In Gillett v. Comm’rs of Lyon Co., 18 Kan. 410, 414, the subject was again considered, and the court said:

“When a county refuses to pay its debts, it may ‘be sued’ like any other corporation, or person, and no statute can be found providing otherwise. The. refusal of a county, through its agents, to pay a debt, is no more a judicial determination that the county does not owe the debt, than the refusal of any other corporation, or person, through its or his agents, to pay a debt is a judicial determination that it or he does not owe the debt. The doctrine that suits against counties for debts may be maintained, is almost everywhere upheld by the courts.”

In Routh v. Finney County, 84 Kan. 25, 113 Pac. 397, it was said by Justice Mason:

“The board of county commissioners in passing upon claims against the county does not exercise a strictly judicial function; the appeal which the statute gives from its disallowance of an account is merely a method for getting the controversy into court. The district court upon such an appeal exercises original jurisdiction.” (Syl. ¶ 1.)

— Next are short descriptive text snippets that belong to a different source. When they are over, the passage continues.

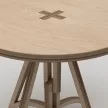 Orbis étkezőasztal, 75 cm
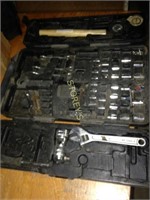 Tool Kit & Tools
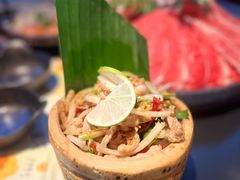-生如夏花泰式火锅(西村黑金店)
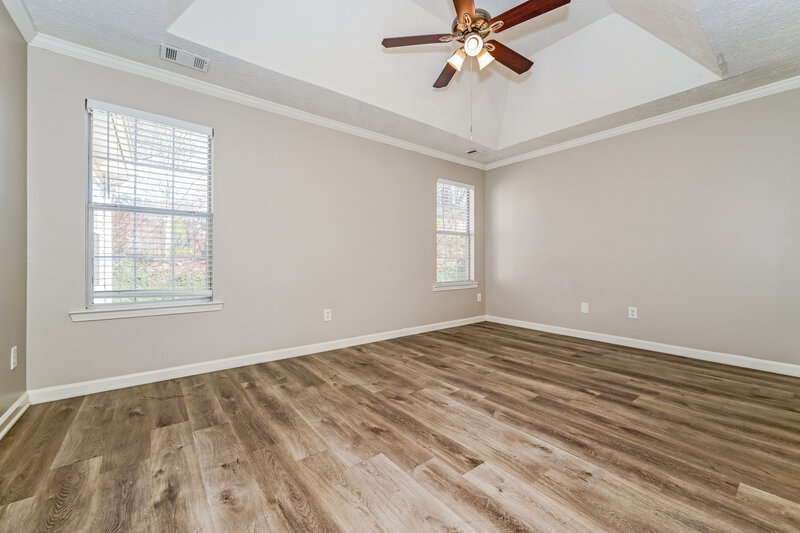 2,450/Mo, 654 Highpoint Way McDonough, GA 30253 Main Bedroom View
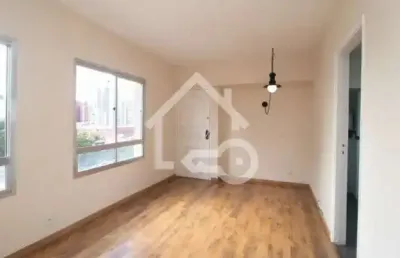 Apartamento com 2 quartos para alugar na rua marechal deodoro, 1834, centro, são bernardo do campo por r$ 2.500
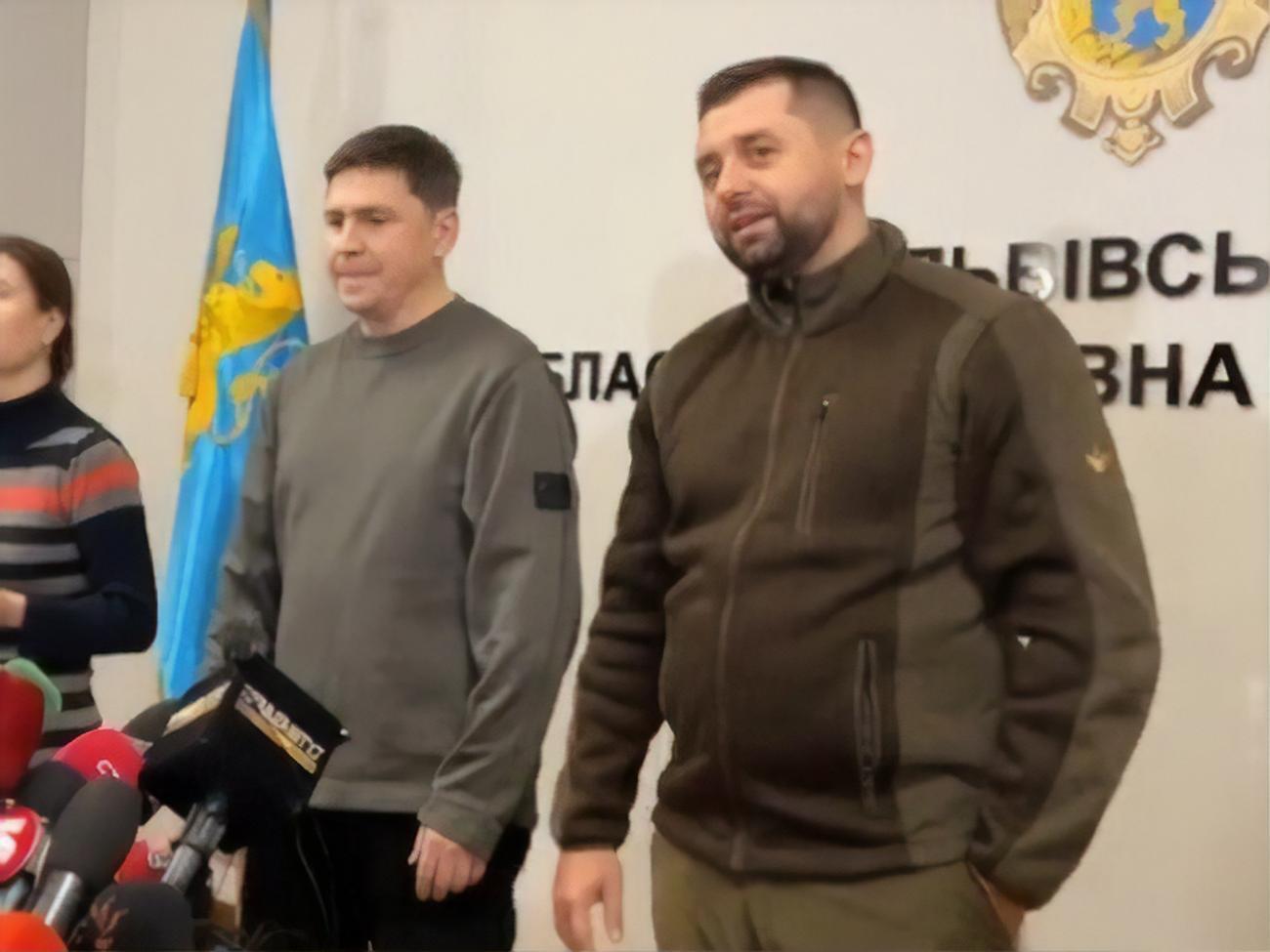 Подоляк: Украинская делегация хорошо понимает мотивы российской стороны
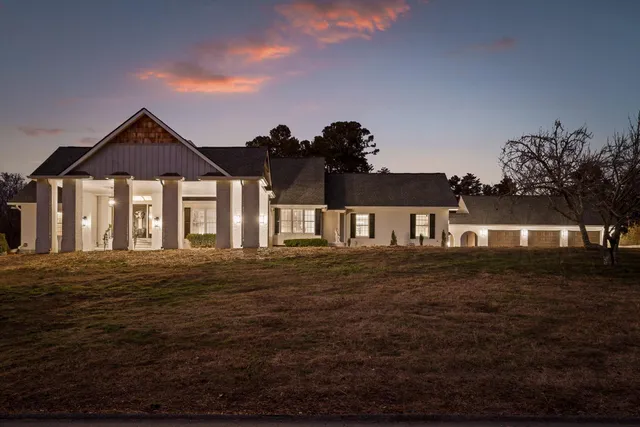 $1,150,000 | 3176 Chestnut Circle Northwest, Cleveland, TN 37312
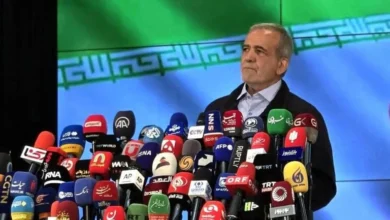 Pezeshkian suit les traces de Raïssi vers l’effondrement économique de l’Iran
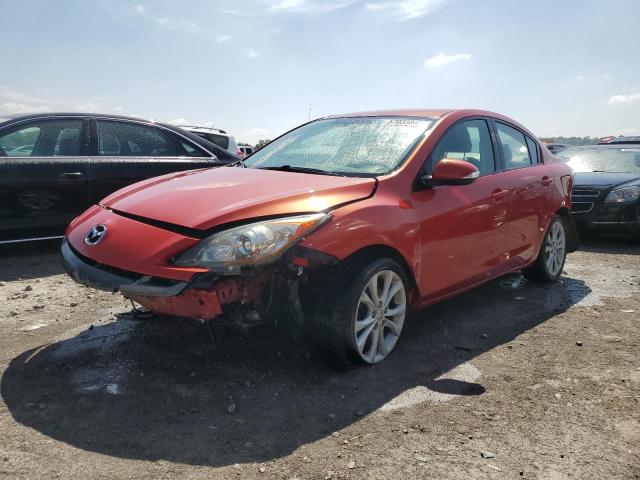 Photo 1 from auction – 2010 MAZDA 3 S with VIN JM1BL1S56A1203923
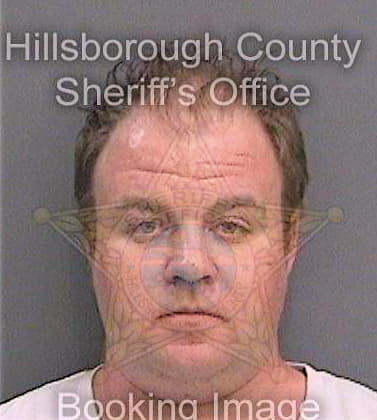 Brosnan William - Hillsborough County, FL 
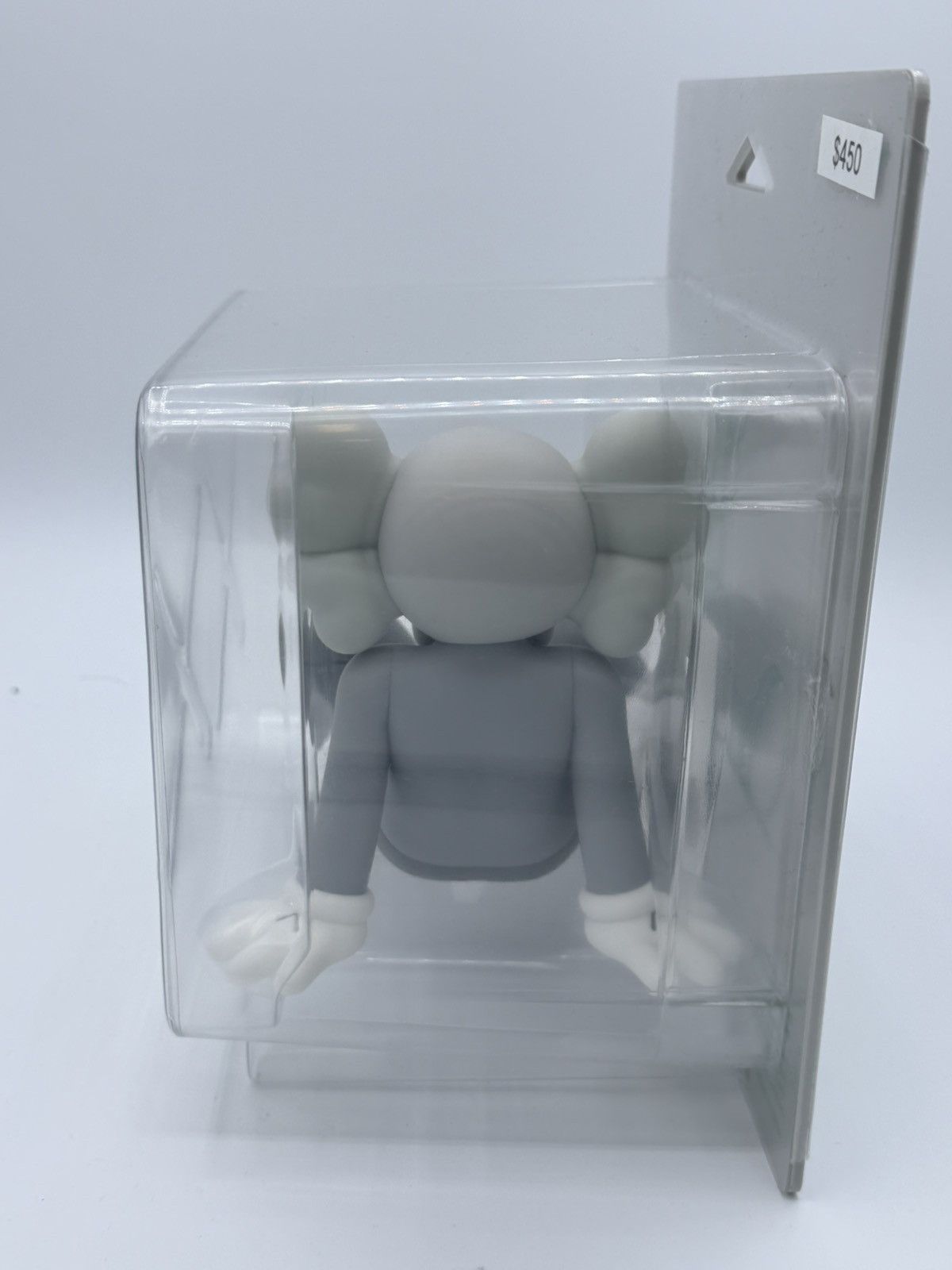 Kaws KAWS Holiday Taipei Vinyl Figure Size ONE SIZE - 2 Thumbnail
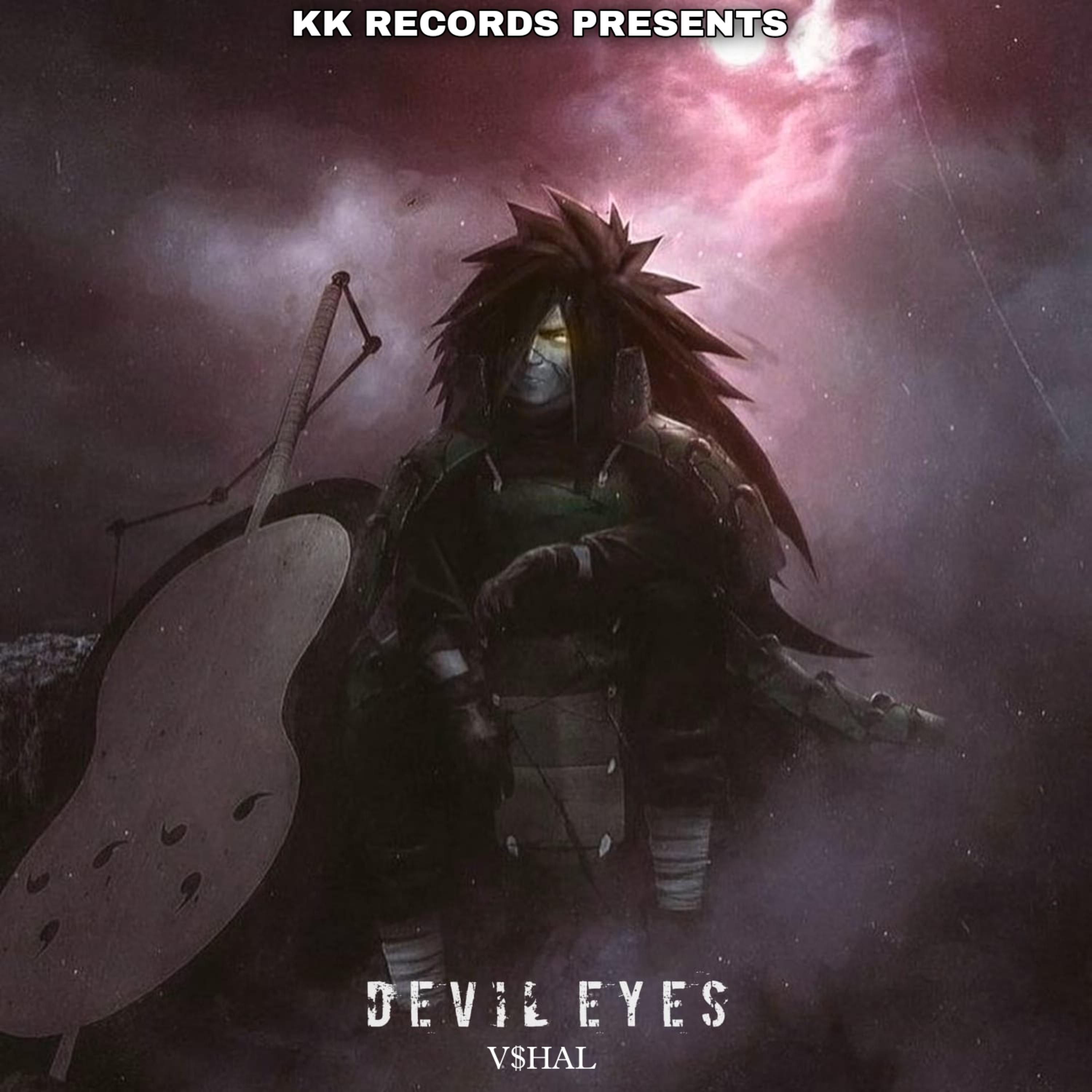 Постер альбома Devil eyes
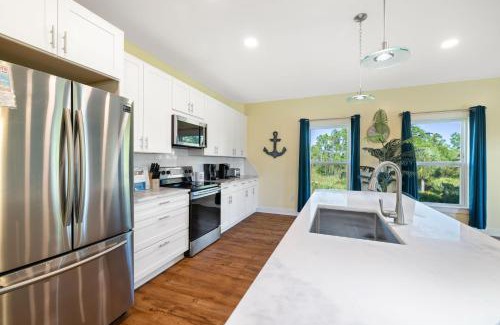 Morgantown House | A Turtles Pace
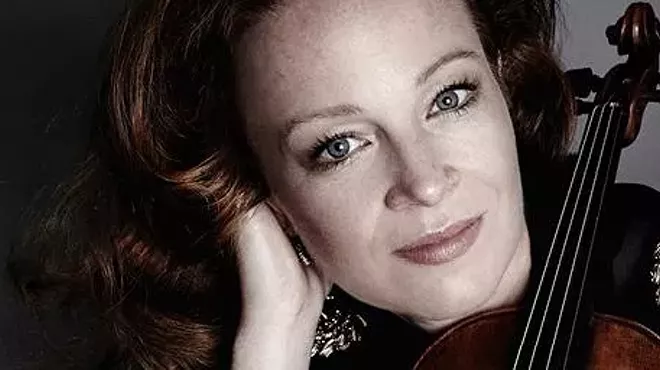 Image: Carolin Widmann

*343In the course of the opinion it was remarked:

“What is called an appeal is really only a means of getting the controversy before a court. It is a substitute for filing a petition and causing a summons to issue. The district court in the one case as in the other acquires and exercises original, and not appellate, jurisdiction.” (p. 27.)

Following these authorities it must be held that the plaintiffs were not concluded by the disallowance of the claim on April 3, 1933. Payment had been refused, but no judicial determination of the claim had been made. It could be reexamined in whole or in part by the board. The refusal of payment warranted the bringing of an action by plaintiffs or the taking of an appeal. It, as has been so often decided, is no more than a way of getting the controversy before a judicial tribunal with power to hear and adjudicate the questions involved in the claim and. render a judgment thereon that is enforceable.

The cash-basis law, enacted about that time, provided that such claims held by creditors against the county should be presented within a very limited time. Plaintiffs had a claim against the county on a contract for its services and expenses, which had been refused, and it was therefore a creditor of the county. In accordance with that law they again presented it to the commissioners and it was again considered and refused. That law required dispatch and speed in order to conform with our system, and it was provided that if the claim was disallowed an appeal might be taken to the district court, and the special proceedings prescribed by it are set forth and were complied with. The appeal was taken in the way provided, and when this was done the claim was before a court for the first time with power and jurisdiction to determine all questions involved in it. Under the law the court had jurisdiction to hear and determine every legal question there was in the case, and the plaintiffs were not precluded from presenting it by the fact that the board had disallowed the same.

The judgment will therefore be reversed, and the cause remanded for a real trial of the appeal by the district court. It is so ordered.